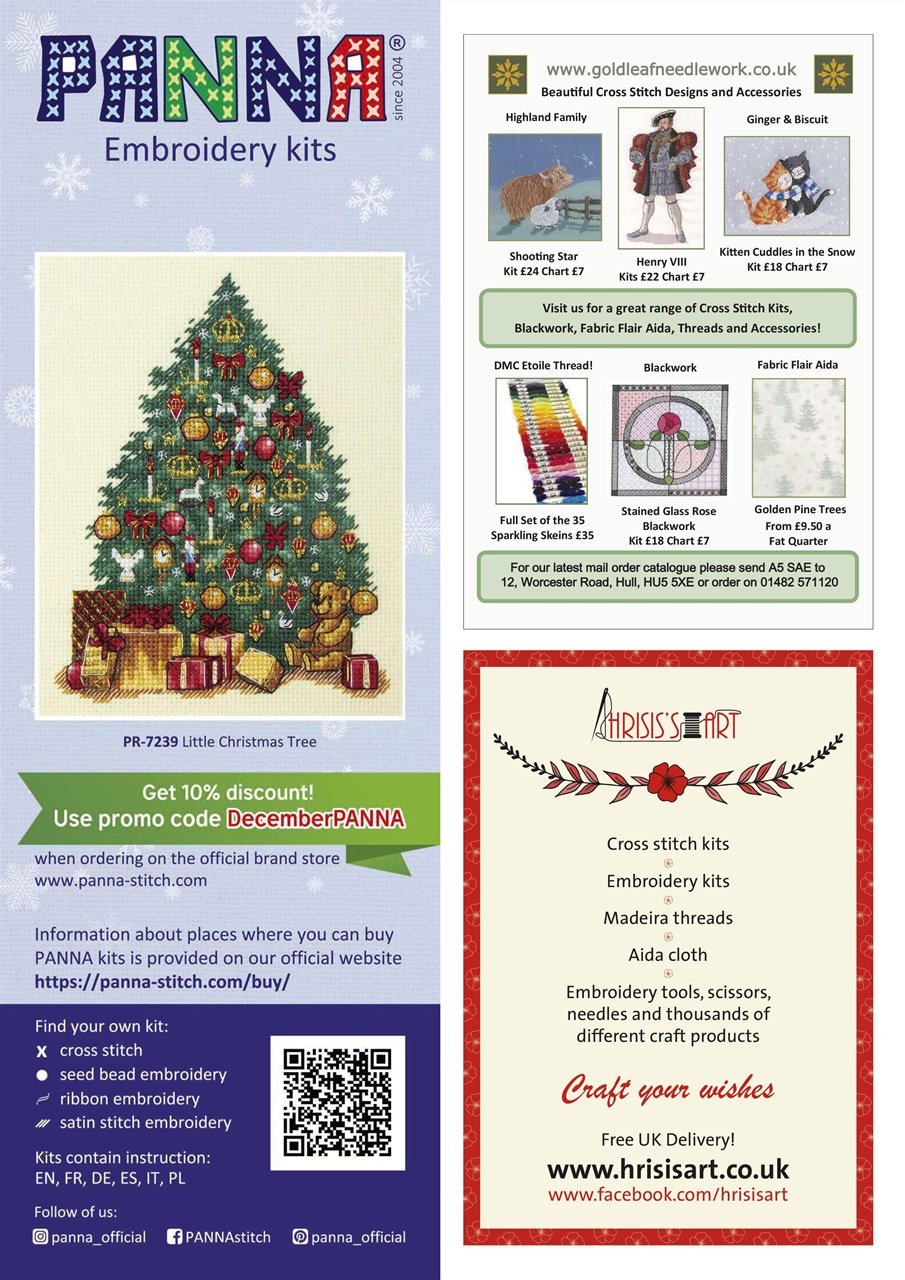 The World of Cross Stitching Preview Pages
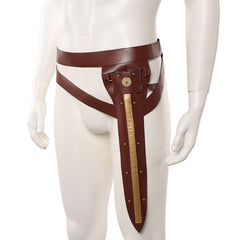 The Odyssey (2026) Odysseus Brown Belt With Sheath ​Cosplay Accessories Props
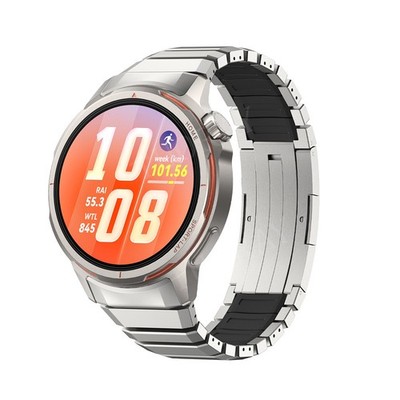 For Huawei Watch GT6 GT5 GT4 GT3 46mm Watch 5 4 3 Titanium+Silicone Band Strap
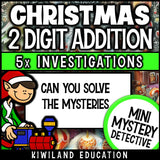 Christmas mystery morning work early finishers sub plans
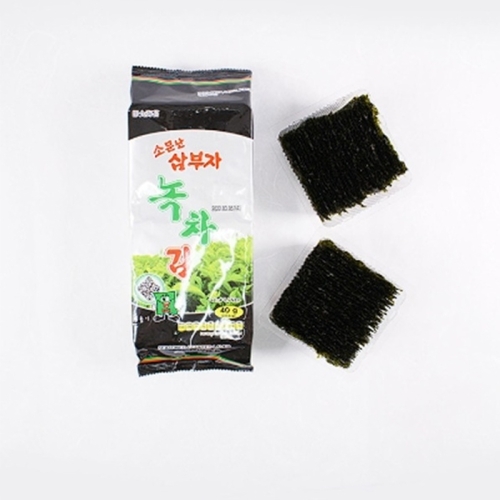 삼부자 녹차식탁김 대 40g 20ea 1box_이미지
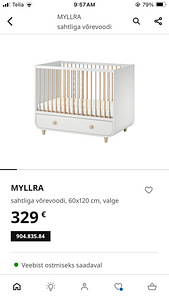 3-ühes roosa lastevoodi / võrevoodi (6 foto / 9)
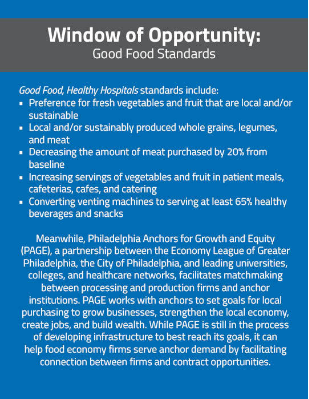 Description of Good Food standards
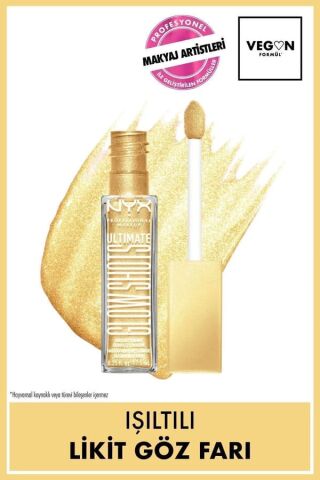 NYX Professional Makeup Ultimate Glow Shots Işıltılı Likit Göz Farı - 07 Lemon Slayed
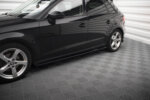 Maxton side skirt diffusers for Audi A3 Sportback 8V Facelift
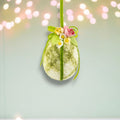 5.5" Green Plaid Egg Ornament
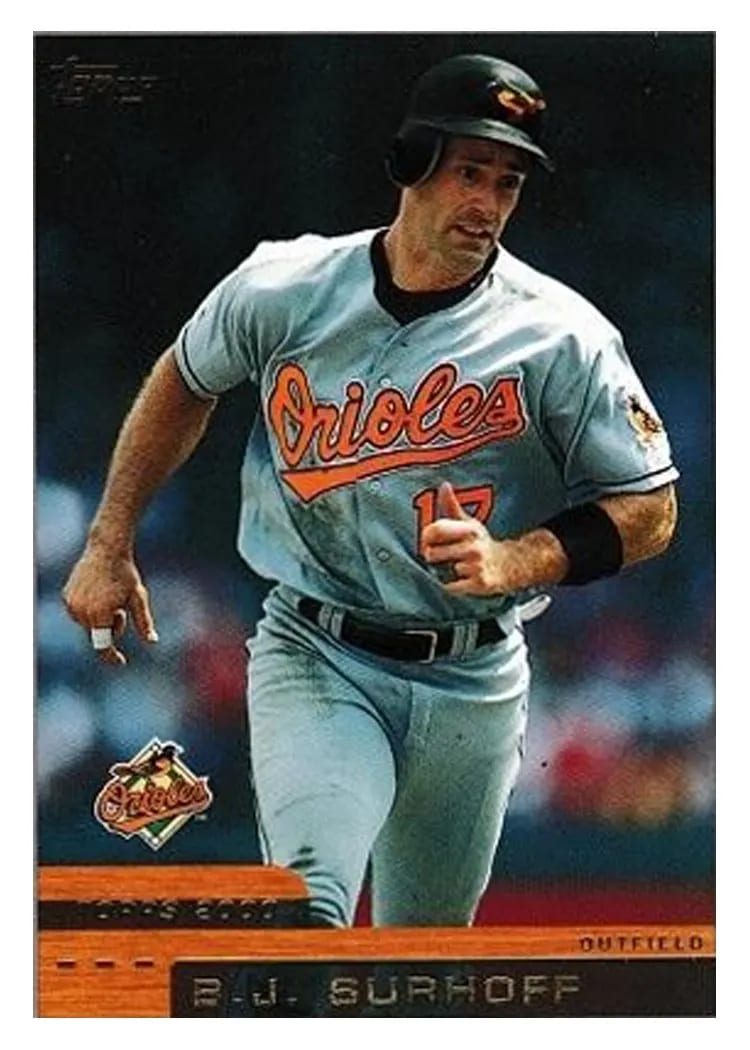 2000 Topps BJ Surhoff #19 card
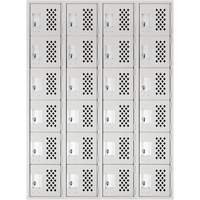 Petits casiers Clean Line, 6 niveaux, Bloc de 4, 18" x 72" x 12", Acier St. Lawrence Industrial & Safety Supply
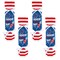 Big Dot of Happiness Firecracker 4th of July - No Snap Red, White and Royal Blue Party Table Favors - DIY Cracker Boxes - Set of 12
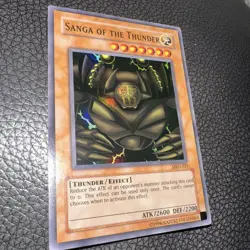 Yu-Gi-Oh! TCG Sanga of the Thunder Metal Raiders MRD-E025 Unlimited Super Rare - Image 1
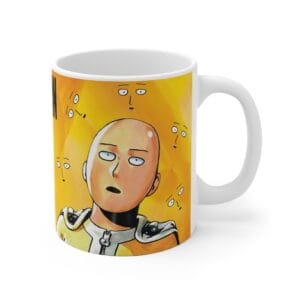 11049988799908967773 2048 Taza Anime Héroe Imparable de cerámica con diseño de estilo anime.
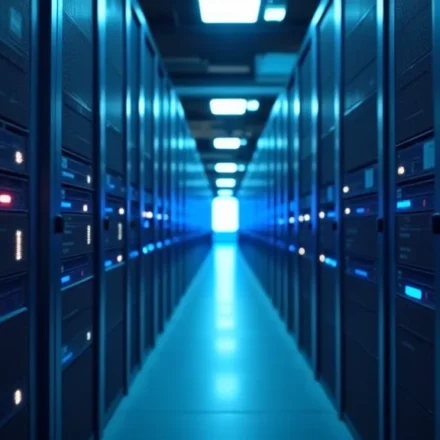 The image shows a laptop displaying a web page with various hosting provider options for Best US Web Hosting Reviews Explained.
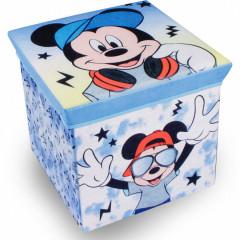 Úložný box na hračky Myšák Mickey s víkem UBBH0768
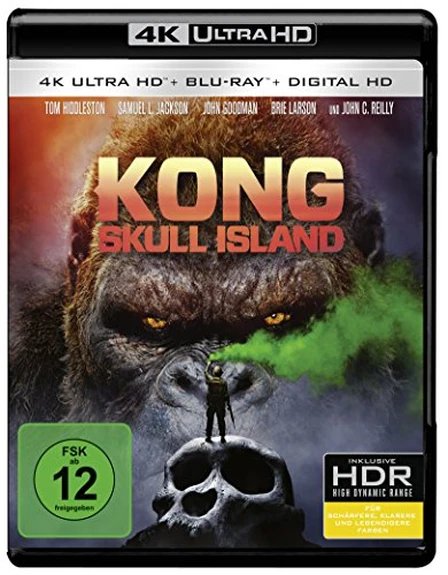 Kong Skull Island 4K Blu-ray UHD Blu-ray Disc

==

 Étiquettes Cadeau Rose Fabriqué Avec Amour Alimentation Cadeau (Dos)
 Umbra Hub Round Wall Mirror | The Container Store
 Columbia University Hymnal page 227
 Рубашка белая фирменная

---

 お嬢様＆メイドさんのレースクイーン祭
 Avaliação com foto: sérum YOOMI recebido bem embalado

▸ Task goal
Begin at the line in the entries above that has "Petits casiers Clean", stop after the line that has "11049988799908967773 2048 Taza", and output exactly those lines without pictures.

▸ Exercise response
 Petits casiers Clean Line, 6 niveaux, Bloc de 4, 18" x 72" x 12", Acier St. Lawrence Industrial & Safety Supply
 Big Dot of Happiness Firecracker 4th of July - No Snap Red, White and Royal Blue Party Table Favors - DIY Cracker Boxes - Set of 12
 Yu-Gi-Oh! TCG Sanga of the Thunder Metal Raiders MRD-E025 Unlimited Super Rare - Image 1
 11049988799908967773 2048 Taza Anime Héroe Imparable de cerámica con diseño de estilo anime.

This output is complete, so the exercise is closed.